Decir que todos tenemos un plan es una afirmación muy fuerte para una película en la que la mayoría de los personajes actúan por impulso. Es entendible la falacia del título -con el que se denomina a una historia que se encarga de excluir rápidamente a aquellos que proyectan a futuro- porque, después de todo, la mentira es uno de los tópicos centrales del argumento. La verdadera estratega es Ana Piterbarg, quien en su debut como directora propone un sencillo mecanismo con piezas envidiables para su puesta en marcha, pero que encuentra ciertos escollos en su ejecución irregular.

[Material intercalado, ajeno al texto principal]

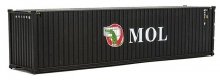40′ Hi-Cube Corrugated-Side Container - Assembled -- Mitsui OSK Lines (black, white, red All, HO, Walthers SceneMaster 8264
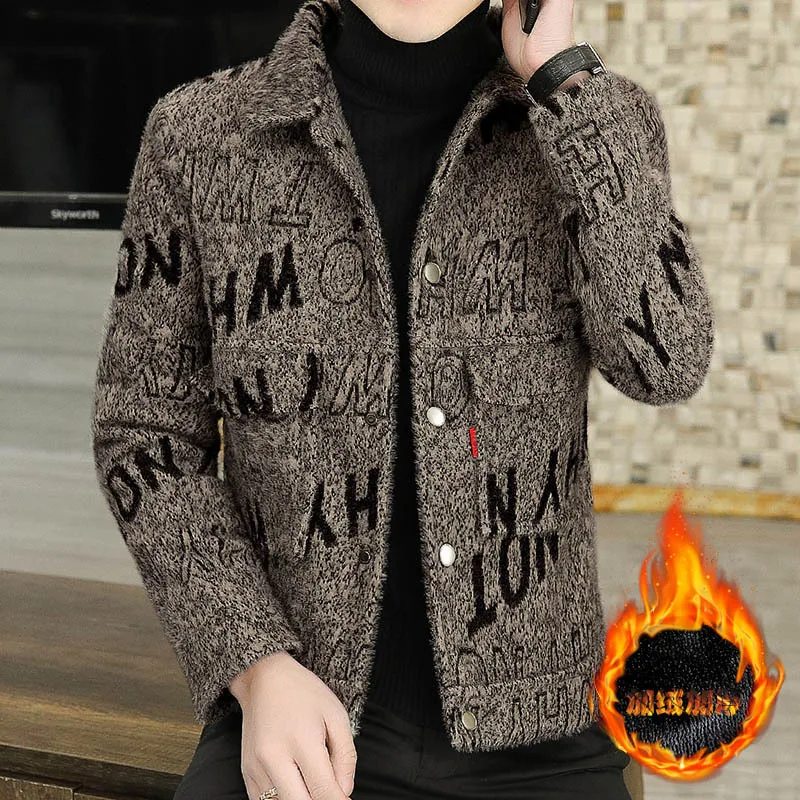 

Мужская куртка Kancheng с флисовой подкладкой и надписями, весна 2023, городской стиль, приталенный крой, длинный рукав, стандартная длина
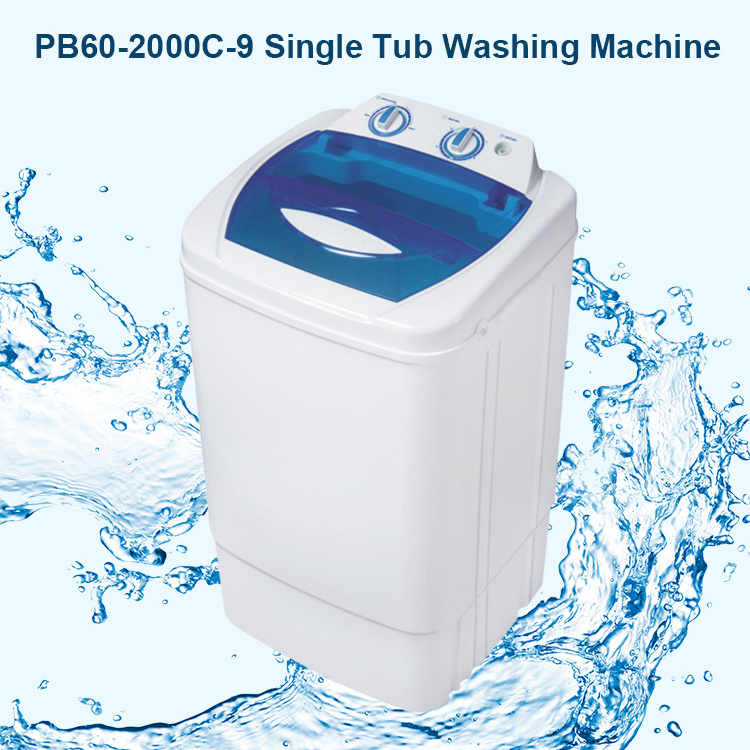 Cheap PB60-2000C-9 Single Tub Washing Machine,5.5KG Washing Machine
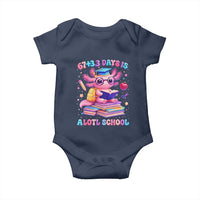 Axolotl 100 Days Of School Baby Onesie 100 Days Is Alotl School 67 33 Six Seven Meme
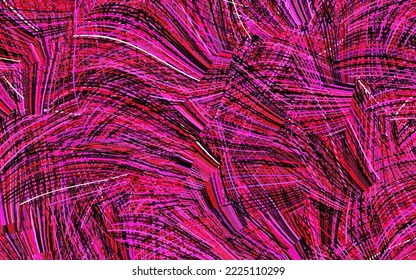 Light Red, Yellow vector texture with wry lines. Colorful abstract illustration with gradient lines. Background for cell phone screens.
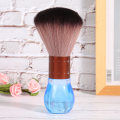 Miniatyrbilde 4 av 8: Bærbar myk fiber hårstøvrengjøring Feiende børste Hals Ansiktshårfjerner BrushBlue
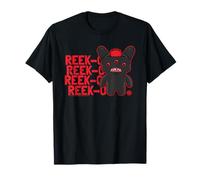 Fuggler Reek-O Negro Peludo Fuggs Monstruo Texto Camiseta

Agustín, un médico de la ciudad, vive hastiado en un departamento junto a su mujer. Sin necesidad de ver los golpes que ha sufrido a lo largo de los años, se comprende que la rutina y la planificación le han hecho tirar la toalla, al punto de no tener motivo para salir de la cama. Pedro, su gemelo, es el espejo de una existencia que se ha perdido, aún con lo turbio de su presente, vive como quiere y sin responder a nadie. Este hombre de ciudad, que nada tiene para ofrecer y por el bien de la película desaparece rápido, va en contra de su futuro pre-establecido y abraza aquello que no le es propio y, aunque en su pasado haya estado cerca, nunca le perteneció. Las consecuencias del pasar delictivo del hermano no tardan en alcanzar al pediatra burgués, con un drama existencial que deja el lugar a una historia violenta, de suspenso y con toques de cine negro, cuya fuerza inicial se pierde entre un argumento que se estira más de la cuenta y un guión que peca de simplista.

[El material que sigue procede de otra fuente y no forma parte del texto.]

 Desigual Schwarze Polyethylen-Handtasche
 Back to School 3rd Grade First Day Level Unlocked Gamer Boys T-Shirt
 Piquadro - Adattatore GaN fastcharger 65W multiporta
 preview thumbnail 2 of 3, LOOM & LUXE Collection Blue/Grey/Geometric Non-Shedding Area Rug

El gran uso que se hace de la locación es un punto necesario para destacar en esta ópera prima de Piterbarg. Con excelente fotografía, el Delta se ve integrado como uno de los personajes de mayor peso: una zona oscura, marginal, más cercana, desde lo cinematográfico, a un pantano del Sur de los Estados Unidos que al municipio del primer mundo que se vende desde los noticieros. Por otro lado cabe señalar las muy buenas actuaciones de Daniel Fanego, el personaje sombrío por excelencia, así como la de Sofía Gala que, medida aunque en ocasiones aniñada, logra convertirse en ese faro de luz que el protagonista necesita. Viggo Mortensen, el principal atractivo, ofrece un muy buen trabajo en el rol de Pedro, tanto desde lo gestual, los modos que se aprenden sobre la marcha, como en el lenguaje, con el idioma que se acomoda en un estado más natural. La situación inversa se produce con el de Agustín que, si bien presenta una notable diferencia estética, requiere de un hablar impostado ("¿a qué se debe la visita?") que, más que señalar la diferencia de región, delata la nacionalidad del intérprete.
Todos tenemos un plan pierde potencia con un guión que presenta diálogos por momentos infantiles y sobreexplicativos, así como por un desarrollo que se alarga en forma injustificada pero apresura resoluciones, como el cuestionable cierre de la faceta urbana del protagonista. Con un romance que no termina de convencer, aunque ambos se juren un incomprensible amor eterno, y un registro a mitad de camino entre el policial negro y el drama psicológico, el plan de búsqueda de identidad que propone Piterbarg sólo funciona a medias.